Sony Xperia XA1 Ultra
- Brand: Sony
- Developer: Sony Mobile Communications
- Manufacturer: Sony
- Type: Smartphone
- Series: Sony Xperia
- First released: May 22, 2017; 9 years ago
- Predecessor: Sony Xperia XA Ultra
- Compatible networks: GSM GPRS/EDGE (2G), UMTS HSPA (3G), LTE (4G)
- Form factor: Slate
- Colors: White, Black, Gold, Pink
- Dimensions: 165 mm (6.5 in) H 79 mm (3.1 in) W 8.1 mm (0.32 in) D
- Weight: 188 g (6.6 oz)
- Operating system: Android 7.0 "Nougat", upgradable to Android 8.0 "Oreo"
- System-on-chip: MediaTek MT6757 Helio P20
- Memory: 4 GB RAM
- Storage: 32 GB
- Removable storage: microSDHC, expandable up to 256 GB
- SIM: nano-SIM (single or dual-SIM)
- Battery: 2700 mAh Li-ion
- Charging: Pump Express fast charging
- Rear camera: 23 MP, autofocus, LED flash, Full HD video
- Front camera: 16 MP, LED flash, HD video
- Display: 6.0 in (150 mm), 1080 × 1920 pixels IPS LCD

= Sony Xperia XA1 Ultra =

The Sony Xperia XA1 Ultra (models G3212, G3221, G3223, G3226) is a mid-range Android smartphone (phablet) developed by Sony Mobile Communications. It was announced on 27 February 2017 at the Mobile World Congress. The device focuses on selfie photography and was released globally on 22 May 2017.

The phone is the successor to the Sony Xperia XA Ultra and is the largest device in the Xperia XA1 series, which also includes the Sony Xperia XA1 and Sony Xperia XA1 Plus. Its internal codename is Redwood.

== Hardware ==
The device is largely similar to the Sony Xperia XA1, differing mainly in its larger size, higher-capacity battery, and a front camera equipped with an LED flash for selfies. The phone features an aluminium frame at the top and bottom, while the sides and rear panel are made of plastic.

The display extends close to the edges of the device with slightly curved sides, giving it a tall appearance, although relatively large bezels remain at the top and bottom. The upper section contains the earpiece, proximity sensor, a 16-megapixel front camera with LED flash, and a notification LED. The lower section houses the microphone and loudspeaker.

A microSDHC card (supporting up to 256 GB) and the nano-SIM card are inserted from the side beneath a protective cover. The power button and volume controls, maintaining Sony's traditional design style, are also located on the side of the device.

On the rear panel there is a 23-megapixel Exmor RS camera with flash. The bottom of the phone features a USB Type-C connector.
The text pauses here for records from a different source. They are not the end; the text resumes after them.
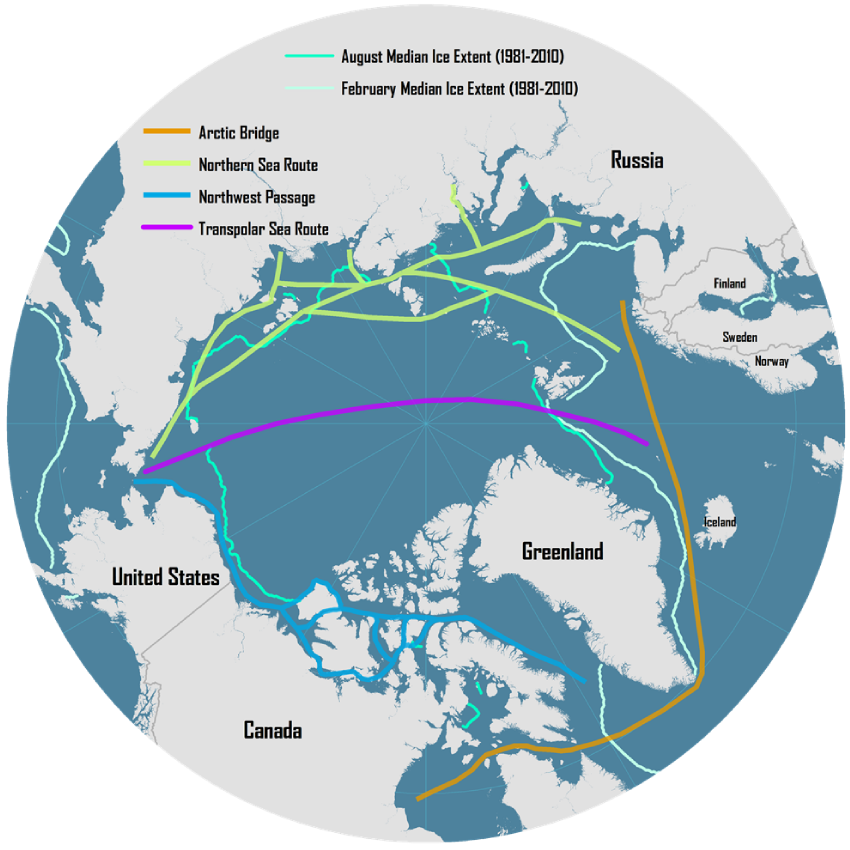 Imagen de las nuevas rutas árticas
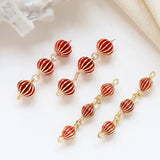 Copper Plated Red Lantern Pendant Necklace Earrings
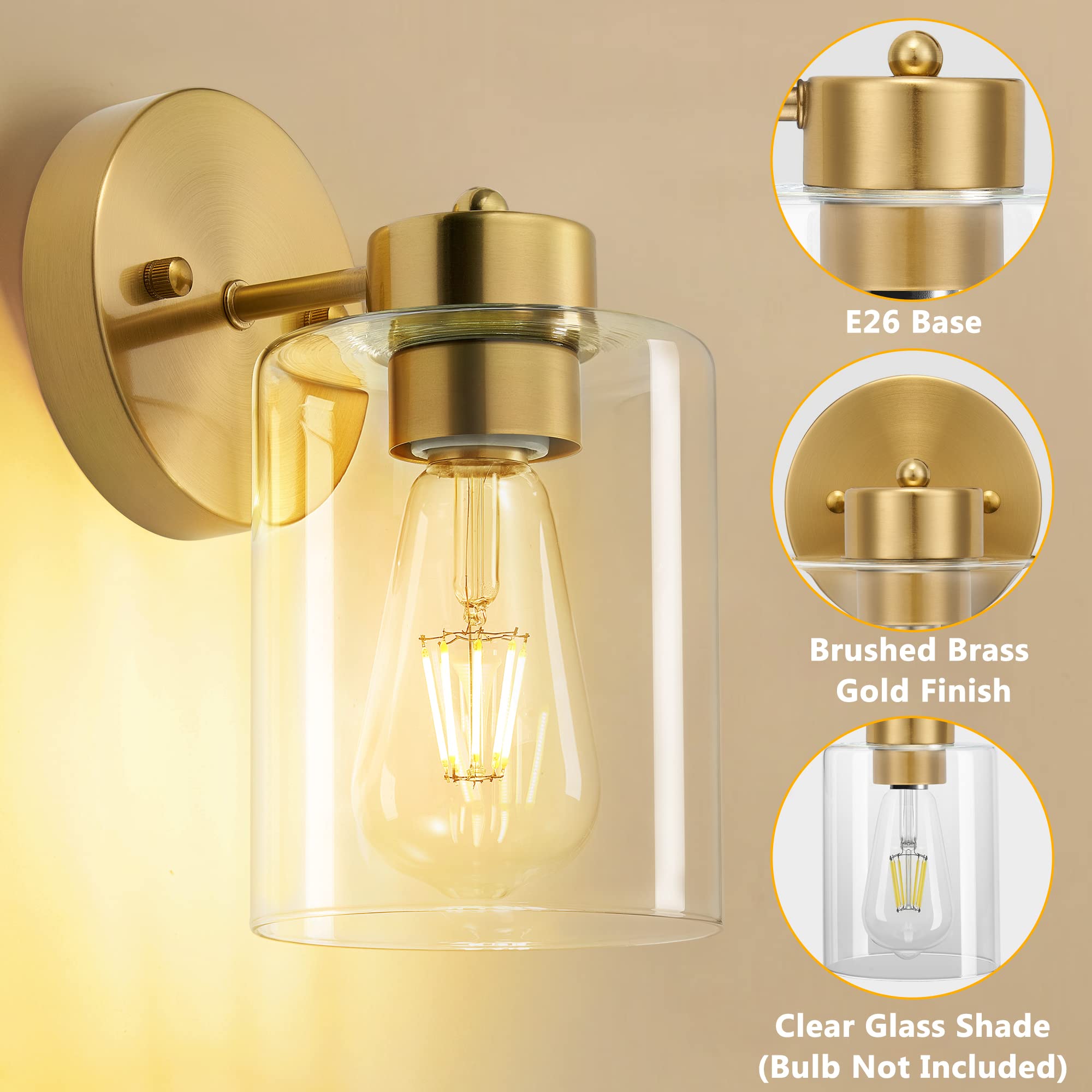 Porphyions Bathroom Light,Wall Sconces Set Of Two,Brushed Gold Vanity Sconce Lights,Morden Bathroom Gold Sconces Set,Brass Bathr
The device ships with a cable and a 1.5-amp charging adapter and supports Pump Express fast-charging technology.

The smartphone is powered by an octa-core MediaTek MT6757 Helio P20 processor (four cores at 2.3 GHz and four cores at 1.6 GHz) paired with 4 GB of RAM. Internal storage capacity is 32 GB. The phone was produced in white, black, gold, and pink colour variants.

The display is a 6-inch IPS LCD panel with a resolution of 1080 × 1920 pixels. Dual-SIM variants were also released. An NFC chip is located on the rear of the device, although the phone does not include a fingerprint reader. The battery has a capacity of 2700 mAh.

== Software ==
The device originally shipped with Android 7.0 (Nougat). Sony kept the default Android interface largely unchanged, although the Xperia Home interface provides a visually enhanced launcher.
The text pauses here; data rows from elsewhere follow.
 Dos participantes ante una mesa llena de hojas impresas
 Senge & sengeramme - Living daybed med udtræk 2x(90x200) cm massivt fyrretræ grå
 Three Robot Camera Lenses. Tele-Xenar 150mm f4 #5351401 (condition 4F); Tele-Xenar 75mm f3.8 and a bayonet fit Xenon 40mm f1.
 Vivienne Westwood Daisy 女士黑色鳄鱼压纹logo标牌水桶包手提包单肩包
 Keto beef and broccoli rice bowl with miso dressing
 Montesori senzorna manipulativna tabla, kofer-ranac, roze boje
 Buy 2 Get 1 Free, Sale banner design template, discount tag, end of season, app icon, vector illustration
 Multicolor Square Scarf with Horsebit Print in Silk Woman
Android 7.0 introduced multi-window mode, which is supported by the device. Several Sony applications are preinstalled, including What's New, which functions as Sony's application store and update hub.

Other preinstalled applications include News Suite, PlayStation Network, Sketch, TrackID, Spotify, Album, Music and Video apps, Xperia Care, Smart Connect, Movie Creator, Xperia Lounge, AVG for Xperia, and Amazon Shopping. Most standard Google applications are also included.

For text input, Sony replaced the earlier Xperia Keyboard with the SwiftKey keyboard. Content from a previous device can be transferred using the Xperia Transfer Mobile application.

Battery life can be extended using Sony's STAMINA and Ultra STAMINA power-saving modes.

The device received an update to Android 8.0 (Oreo) in early 2018.